I am the vine, you are the branches. Those who abide in me and I in them bear much fruit, because apart from me you can do nothing…My Father is glorified by this, that you bear much fruit and become my disciples. Jn 15:5,8

We all know the old expression that “it’s not what you know, it’s who you know;” that to get ahead in life you need the right connections. We Armenians often complain that we never have had the right connections, like the Jews let’s say; to help win our wars and stay on top of the world stage.  As the first Christian nation, however, we’ve had the right connections from the beginning, perhaps our problem is we keep forgetting who we really are. In the gospel reading for the Blessing of Grapes, Jesus reminds us that it’s not what you know or even who you know that matters, it’s who knows you. Jesus knows us and knows us intimately, like He is the vine and we are the branches. He abides in us, and we in him.
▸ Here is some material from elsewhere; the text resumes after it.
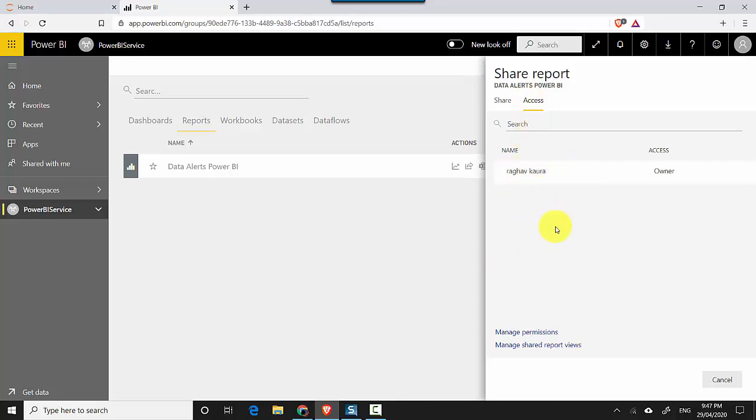Ramesh's access has been revoked. So just to recap, in this video we've learned how to revoke access on a report from a user in Power BI. I hope you find this video useful and thanks for watching. Please do subscribe to my channel and like my videos if you enjoy what I'm doing.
“Abide” is such a great, old word. It conveys a sense of timeless commitment. It says that we not only live in the Lord, but we have a long-term, iron-clad lease. As a people, as a church, our lease with Christ spans 1700+ years and endures to eternity.  Jesus is not the flavor of the month. He’s been with us from the beginning and is here to stay. And we are bound together so tightly, that at times it became hard to tell vine from branch.   Armenian historian Yeghishe, back in the 5th century, wrote that Christianity had become for Armenians “as the color of the skin and not like a garment.” And though secularism has affected us as everyone, sill wherever Armenians have been dispersed, they held onto their Bibles and relics and built altars to God. Even the cataclysm of Genocide could not separate the Armenian branch from the true vine.  We are indeed bound very tightly to Our Lord.
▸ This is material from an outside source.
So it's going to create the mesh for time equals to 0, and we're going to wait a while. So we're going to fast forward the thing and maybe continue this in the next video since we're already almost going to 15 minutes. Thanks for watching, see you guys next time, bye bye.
Most of us admire that commitment and connection to Christ, and it’s where we want to be today, but life seems so much more distracting and faith seems so much harder to come by today. How do we stay connected to our first love? The first step is in realizing that wherever we are, God is already there-especially whenever we are together as a church, God is there. It doesn’t matter if you are good or bad (we prefer good), whether you came from the beginning or at the end (we prefer the beginning), whether you love the priest or hate him (we prefer love).  Wherever you are coming from, gathering near Christ is the only way to become Christ-like.

German Mystic Meister Eckhart put it this way: he said a plum brings forth plums not by an act of will but because it is its nature to do so.  In the same way all of us-Armenian and non-Armenians alike-who come together in worship and fellowship at St. Hagop, start to produce fruit naturally. Because gathering around Christ, partaking of Christ, allowing the being of Christ to flow unimpeded into all our branches—begins to produce Christ-like fruit in us: trust, compassion, kindness, mercy, patience, wisdom and love.  That’s the fruit which made this church beautiful, not just on the outside, but in the inside, in the hearts and bones of its people.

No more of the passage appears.